M : Appelez-le comme vous voudrez mais soyez convaincu. Une seule petite étincelle peut instantanément provoquer une immense explosion, mais sa cause sera la minuscule étincelle. La cause de votre monde est identiquement ce « je » minuscule, c'est à cause de lui que l'univers existe. Cette révélation « je suis » n'a ni forme, ni dimension, elle n'a pas de désirs, elle est seulement être.

La première manifestation est donc Chit Bhaksar, lumière dont la substance est en elle-même révélation de l'être. Un autre nom peut lui être donné, Chidakash, silence immense, sans forme ni structure, c'est-à-dire espace, espace qui est la conséquence de votre êtreté Chidakash.

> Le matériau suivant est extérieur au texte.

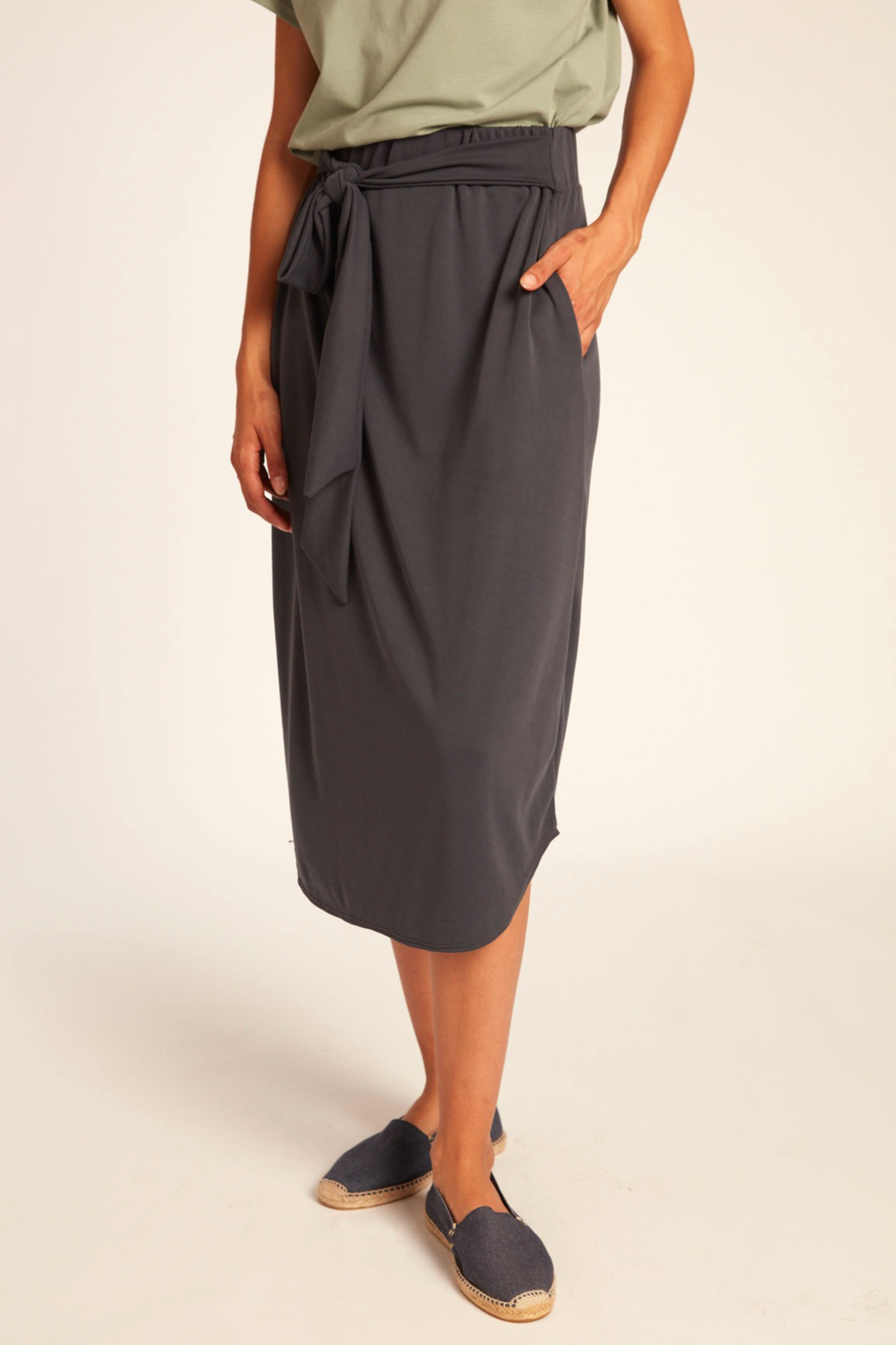 Image of WiDDA dames vegan Rok Tulp Donkerblauw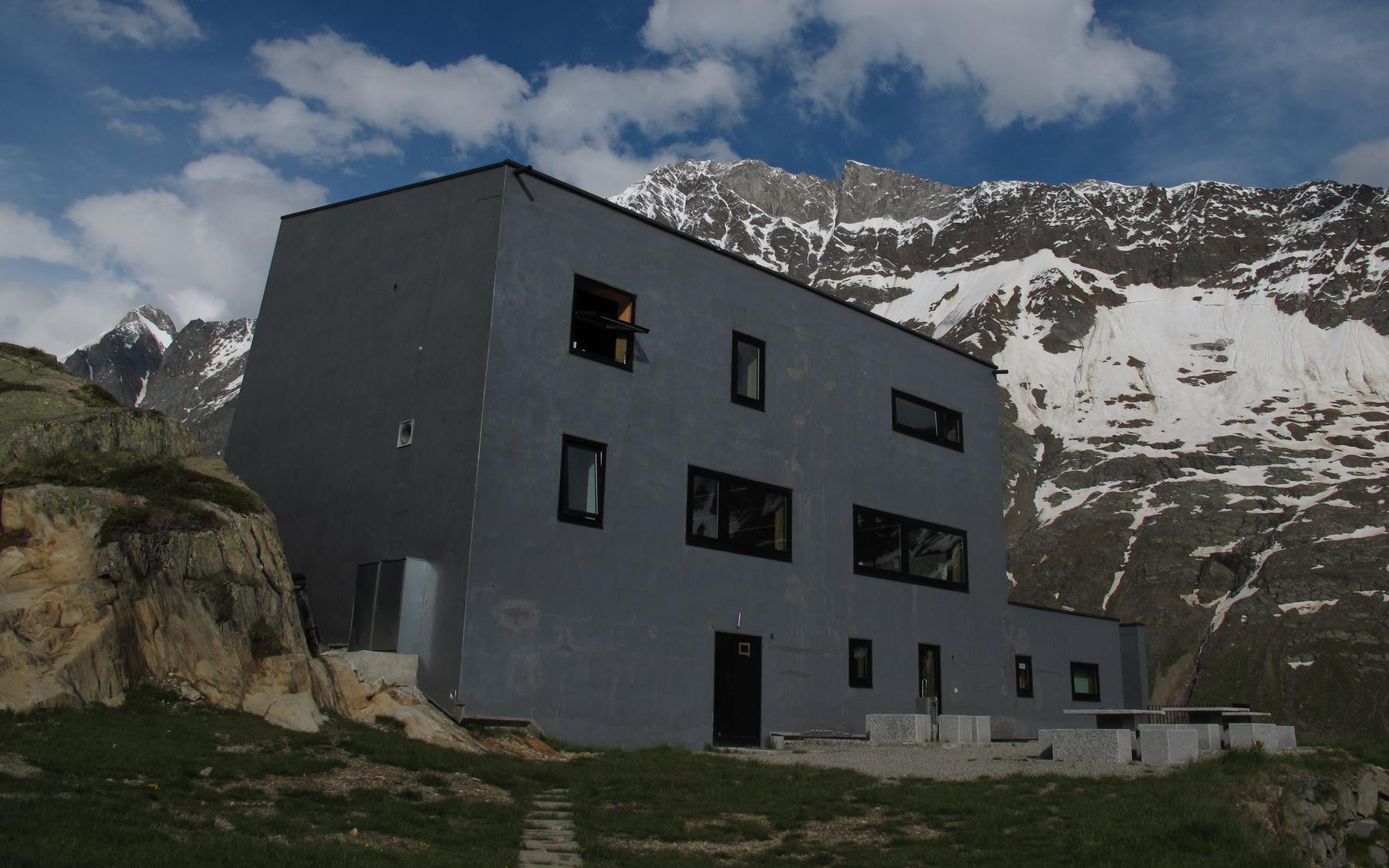 Die futuristische Hütte in Sichtweite!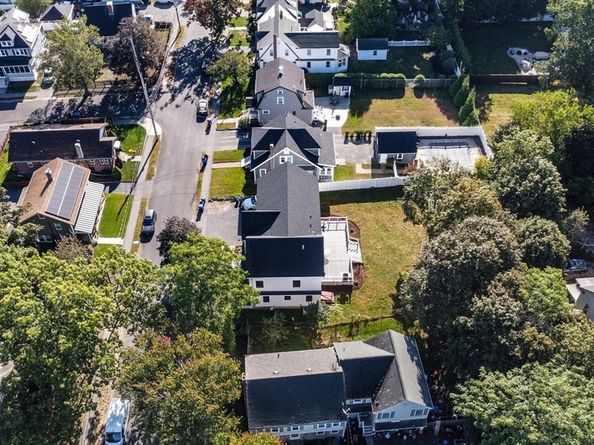 11 Rockwell Ave, Milton MA 02186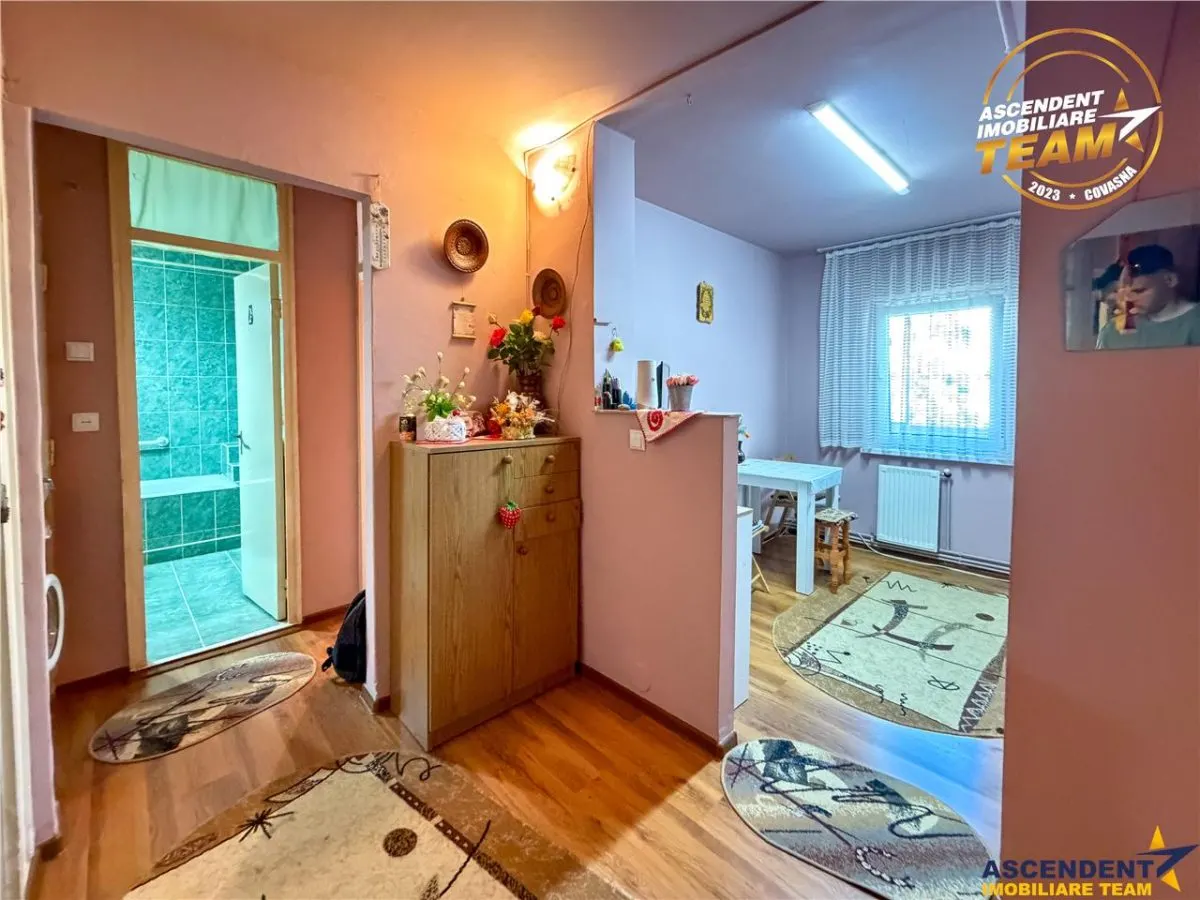Apartament 2 camere, decomandat, etaj 2,  Lenin, Sfantu Gheorghe - foto 9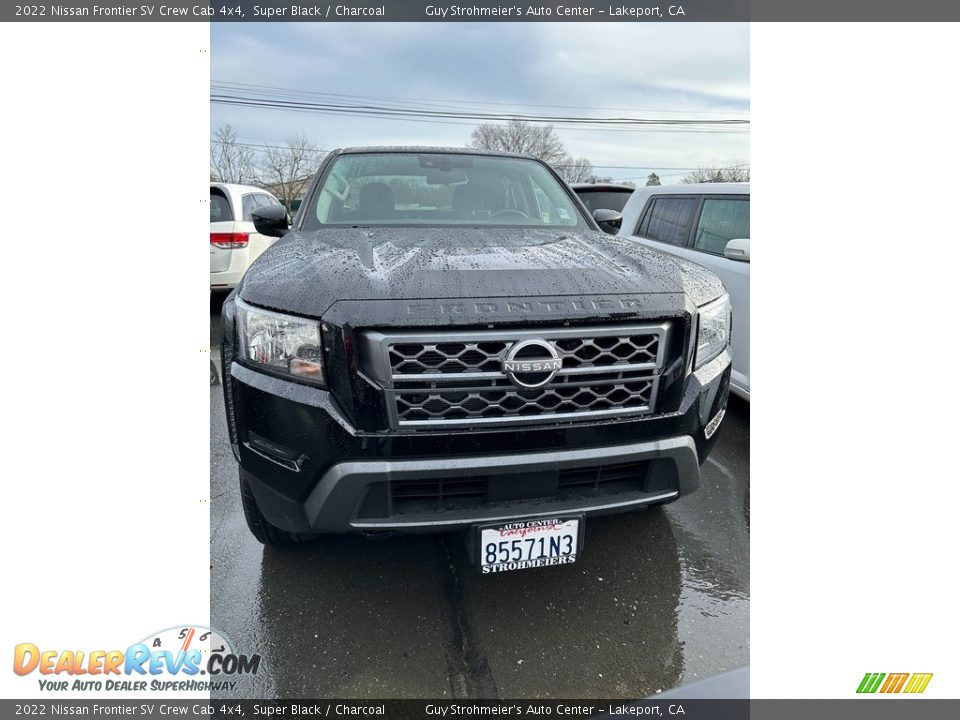 2022 Nissan Frontier SV Crew Cab 4x4 Super Black / Charcoal Photo #2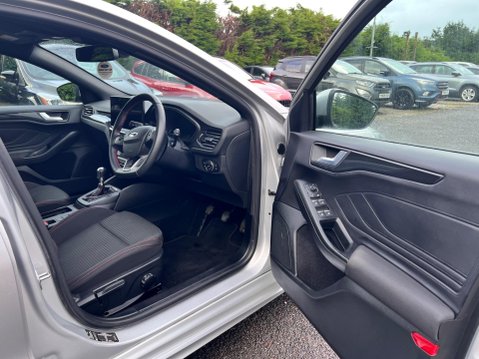 Ford Focus 1.0T EcoBoost MHEV ST-Line Edition Euro 6 (s/s) 5dr 12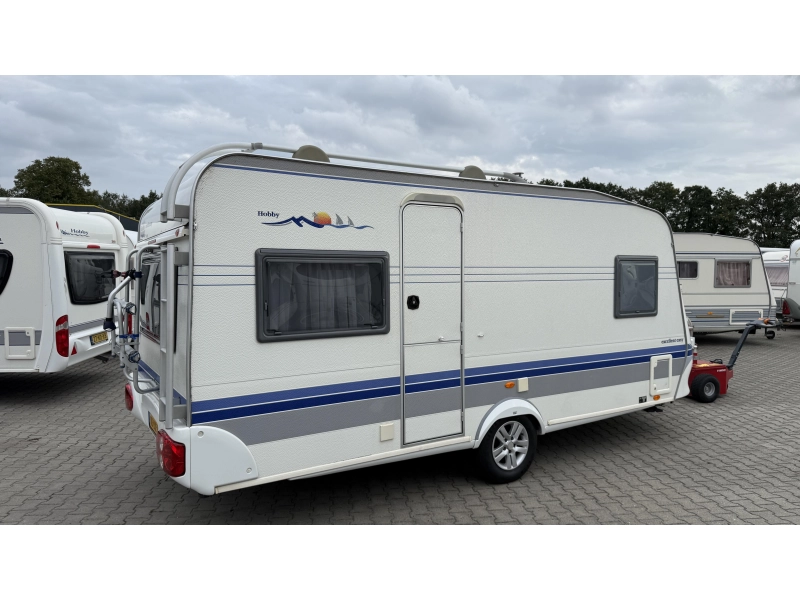 Hobby Excellent Easy 460 UFE frans bed rondzit toilet  foto: 11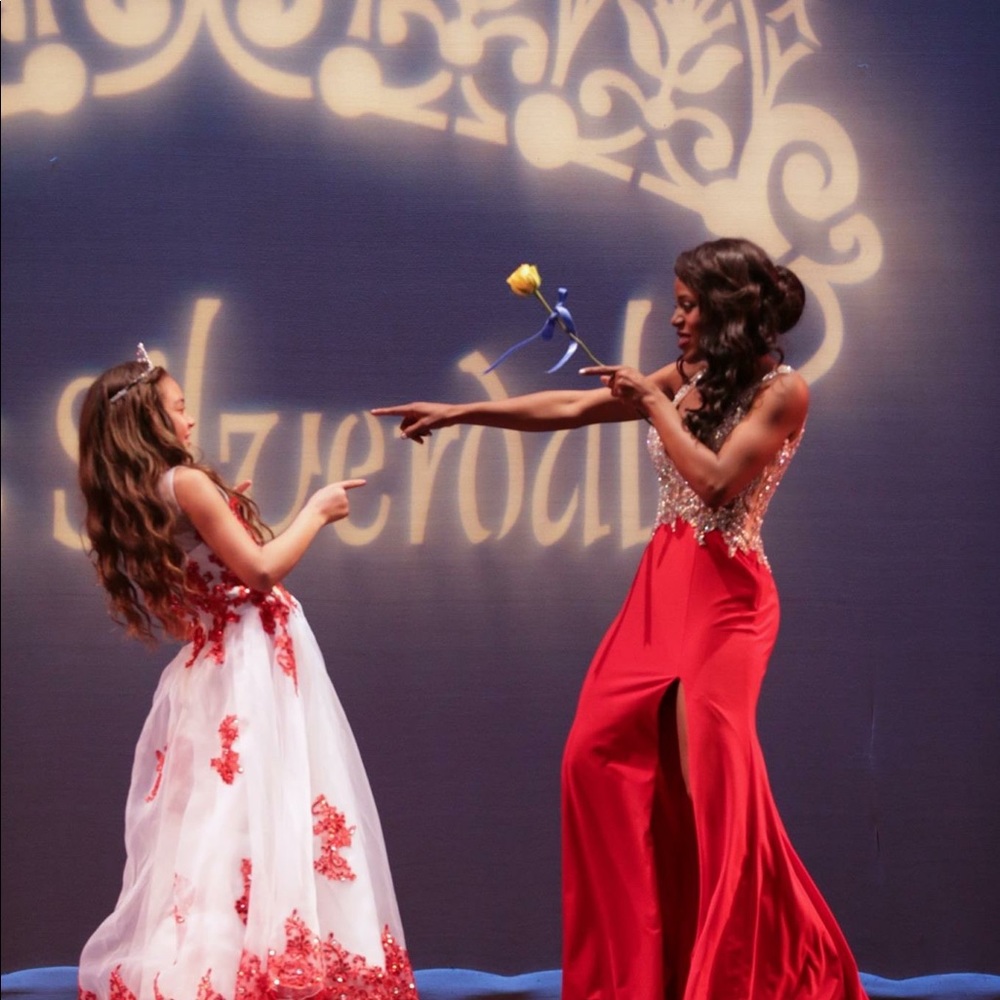 Red prom pageant dress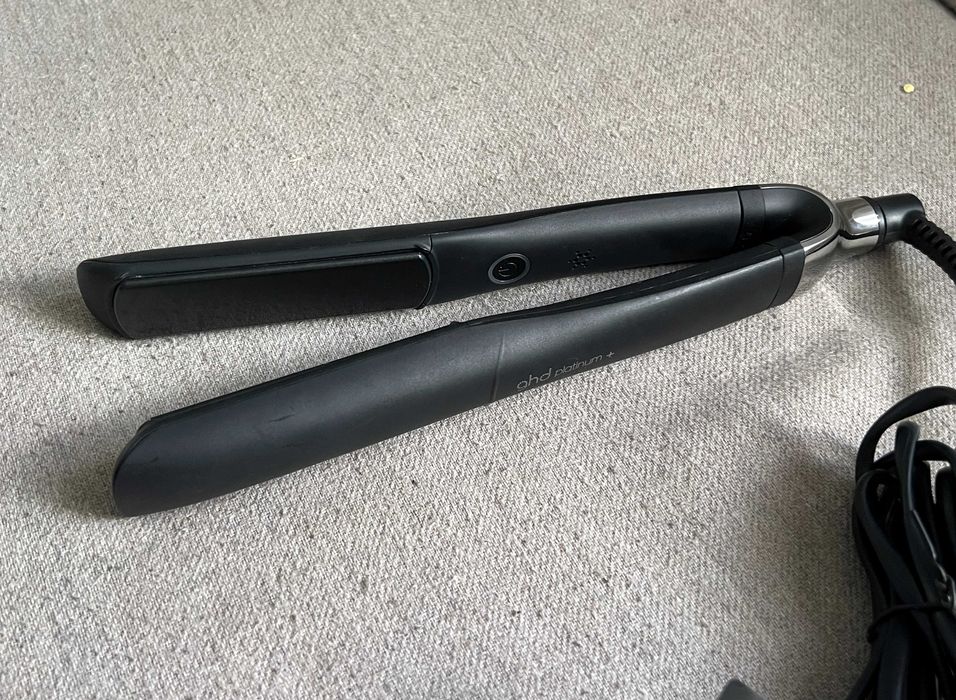Placă de păr GHD Platinum Plus S8T262 profesională stare foarte bună
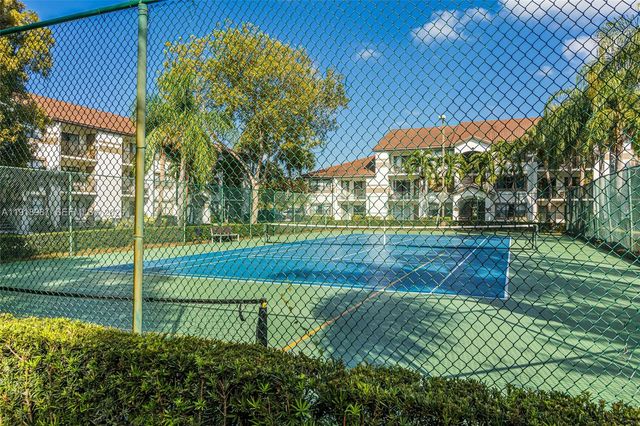 650 S Park Road 135, Hollywood, FL 33021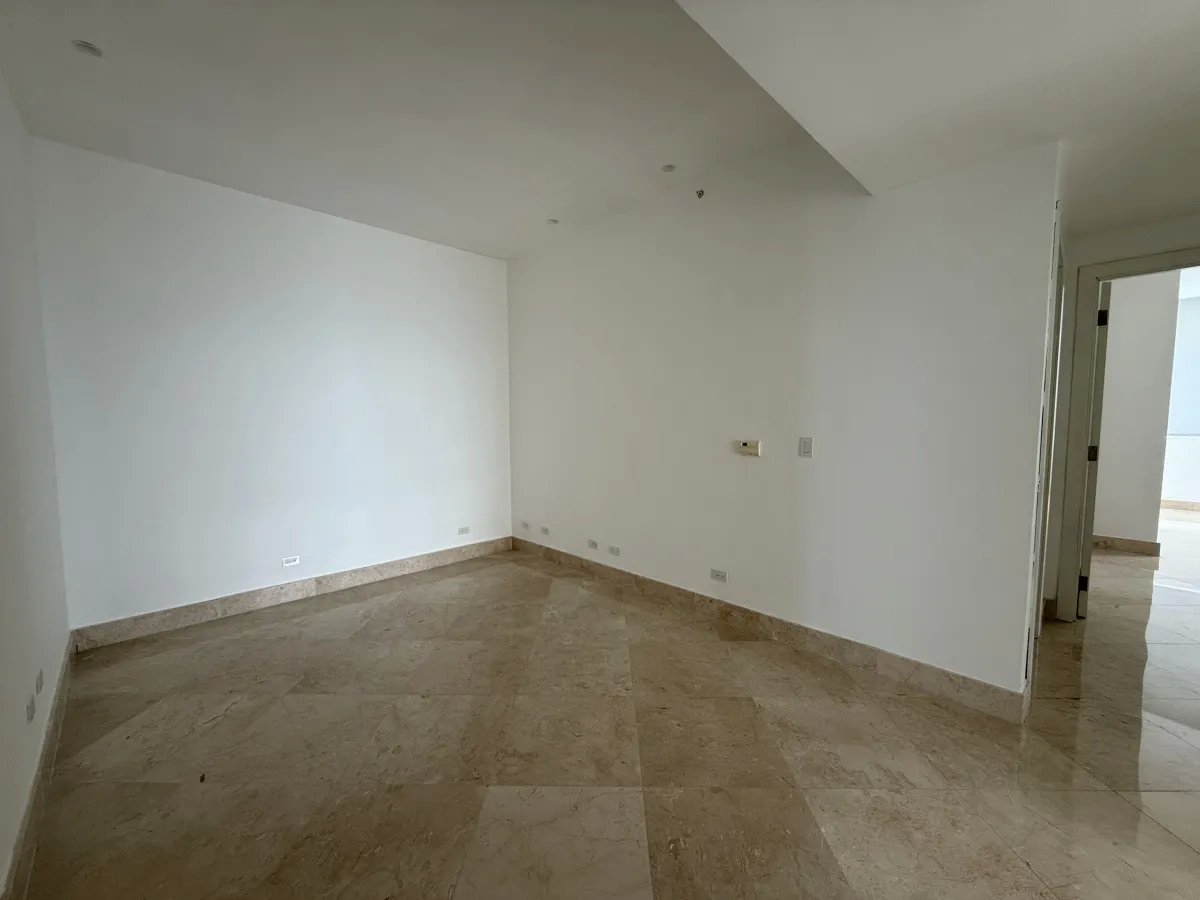 ALQUILER DE APARTAMENTO LINEA BLANCA EN PH THE POINT PUNTA PAITILLA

Quand votre être Chidakash est illuminé par Chit Bhaskar, c'est sous la forme de cet univers manifesté qui est appelé Mahadakash. Leur relation est celle de parent et enfant.

C'est par la luminosité de votre être et la formation d'espace de votre être que le monde visible est formé. Celui qui s'établit dans cette êtreté, dans ce Mahadakash où s'unissent espace, lumière, connaissance, et tout ce qui existe, celui-là est un avec lui-même. Tout se fond en lui et il découvre sa réelle identité. C'est à cela que doit aboutir votre compréhension de vous-même.

Celui qui a la révélation de sa véritable identité ne va pas s'associer au spiritualisme professionnel qui ne cherche qu'à faire de l'argent. Il ne marchandera pas ce qu'il sait car il connaît la valeur de tout. Une telle personne ne sera plus en fait une personne. Celui qui sait que l'univers entier est créé par son être propre ne peut pas jouer avec les vérités spirituelles, il sait que tout est lui.

V : Créé, l'univers entier ?

M : Oui, l'univers est sa création. Il faut que mes mots anglais et vos mots anglais correspondent exactement, soyez vigilant sinon vous ne me comprendrez pas correctement. Le monde n'a pas été construit, ni créé par quiconque, il a surgi de lui-même de la conscience et il n'a pas de cause.